Büyüklerin sahip olduğu iyilik, doğruluk, temizlik ve yardımseverlik gibi duygu ve davranışlar, ya da bunların zıddı olan kin, nefret, hoşgörüsüzlük, kavga ve şiddet gibi olumsuz örnekler başlangıçta çocuklar tarafından taklit edilerek benimsenir daha sonra içselleştirilerek kendi duygu ve davranışları haline gelir. Genel anlamda sosyal olarak uyumlu bir kişilik sergileyen ailelerin çocukları da uyumlu; davranışlarında şiddet, kavga ve kargaşa hâkim olan ailelere mensup çocukları ise genellikle kavgacı ve geçimsiz olurlar. Aile bireylerinin haksızlık, geçimsizlik, uyuşturucu, alkol, kumar, hırsızlık ve yalan gibi davranış ve alışkanlıkları yetişmekte olan çocuğun gelişimini olumsuz yönde etkilemektedir. Aile ortamında yapılan kavga ve tartışmalar, bu esnada sarf edilen kötü sözler, küfürlü konuşmalar, yapılan dedikodular da çocuğun ruh dünyasında derin etkiler bırakmaktadır.

Hz. Nuh’un (as), “Rabbim! Yeryüzünde kâfirlerden hiç kimseyi bırakma. Çünkü sen onları bırakırsan kullarını saptırırlar, yalnız ahlaksız ve inkârcı çocuklar doğururlar”(Nuh/26,27)

Hz Nuh’un duasında inkârcı çocuklarının kâfir olarak doğduklarına değil, inkârcı (kâfir) anne babaların çocuklarına verdikleri eğitimle onların da inkârcı olmalarına sebebiyet verdiklerine dikkat çekilmektedir. Dolayısıyla dine karşı tutum ve davranış geliştirmede en etkili zamanın çocukluk yılları ve yine en etkili kurumun da aile olduğuna işaret edilmektedir.

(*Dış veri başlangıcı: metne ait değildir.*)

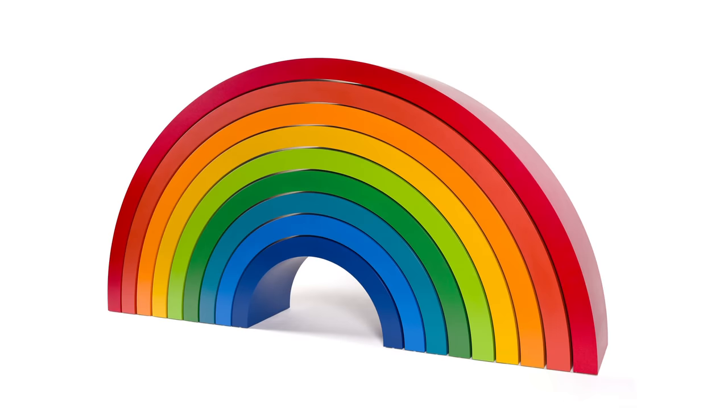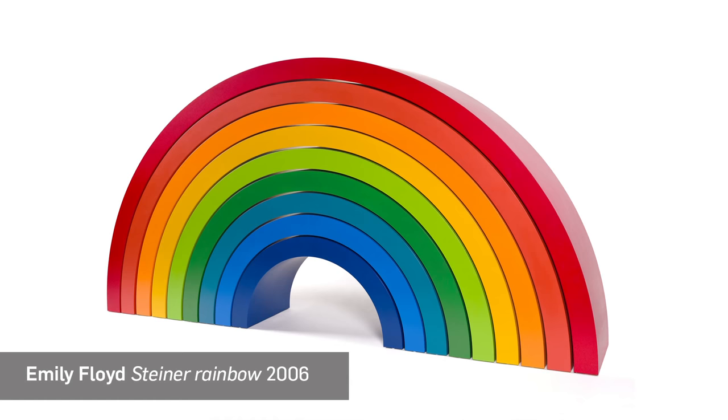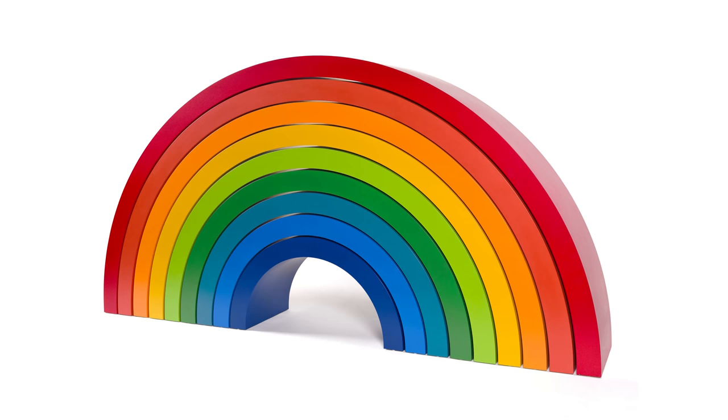There is a really rich history all over the world of toy making in the modern period. One of the toys I'm particularly interested in are these stacking Rudolf Steiner toys, because they speak about ideas of open-ended learning. It's a puzzle in a way with an infinite number of possibilities, but it does have a kind of restriction — so it's a closed system, but you can approach it in a multitude of ways. In that way I think it's a really interesting toy.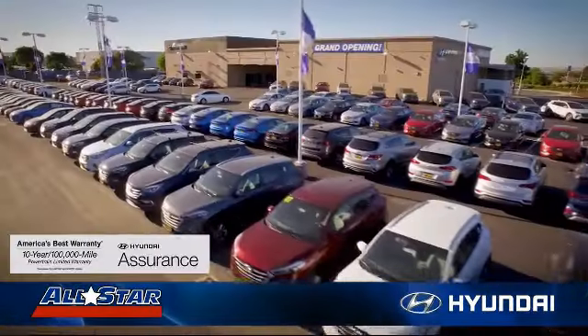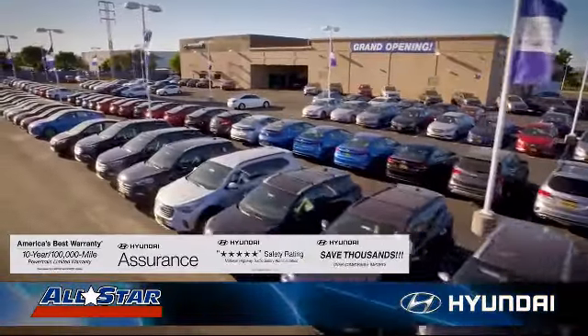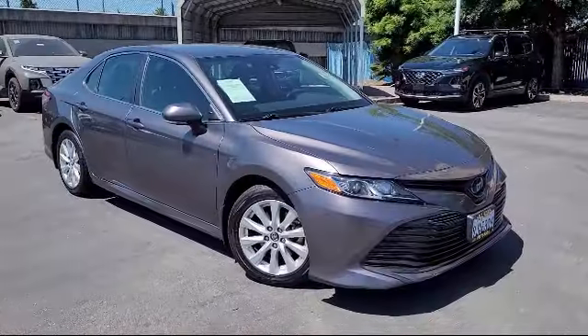Welcome to All-Star Hyundai, and here's a look at another one of our premium vehicles from our huge selection of cars, trucks, and SUVs.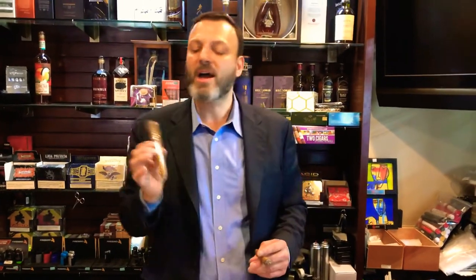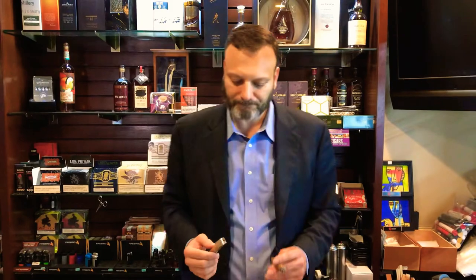This cigar is wrapped with a Cameroon Connecticut broadleaf shade-grown leaf; the binder and filler is Dominican. I'm smoking through this cigar as you can plainly see here in my left hand. It's more of an economical stick — you can purchase it here at the Cigar Castle for $3.99.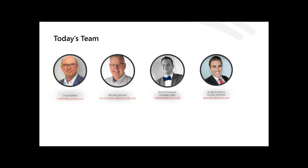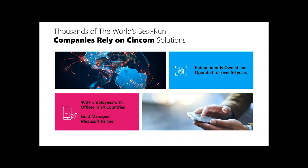Our presenters today include Rick McCutcheon, a Microsoft MVP who has been in the Microsoft Dynamics community for many years, and Robert Cavanaugh, the Canadian Sales Manager for Syncom. They'll be presenting, followed by Sergey who will handle the software demonstration. Without further ado, I'll pass it over to both Rick and Robert.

Çocukta doğuştan var olan ” fıtri” inanma eğilimi, ailesi tarafından üzerinde durulduğu ölçüde çocukta, düşünce ve davranış şeklini alabilir. Bu dönemde çocuk herhangi bir dini sorumluluk altında olmasa da, geleceği için aile onu en iyi şekilde yetiştirmekle sorumludur. Bu sorumluluğun gereği olarak aile, çocuğun dini duygu ve düşüncesinin sağlıklı bir şekilde gelişmesine rehberlik ederek, rol model olmak zorundadır. Aksi veya yanlış bir eğitim ile çocuğun dinden uzaklaşmasına ya da dine karşı tavır almasına da sebep olunabilir.

Geçmişten günümüze tüm toplumlar değişir, gelişir ve yozlaşır. Hepimiz belirli bir kültür coğrafyasında doğarız. Hz Nuh ‘(as.)’ın duası çok manidardır. Bir tecrübenin dile getirilişidir. Fakat Rabbimiz Nuh (as.)’ a “bu sana gayb haberlerimizdendir” diyerek gemiyle kurtulan topluluğun da bir gün yozlaşacağını haber vermektedir. Bu bir süreçtir şeytan faktörünü göz ardı edemeyiz. Şeytan bizim için apaçık düşmandır. Bizi fakirlikle korkutur. Allah hakkında bilip bilmeden konuşmamızı, Nesli bozmamızı vs. telkin eder. Bu yüzden her toplum uyarılmıştır. Çok az insan Nebi Elçilere uymuştur.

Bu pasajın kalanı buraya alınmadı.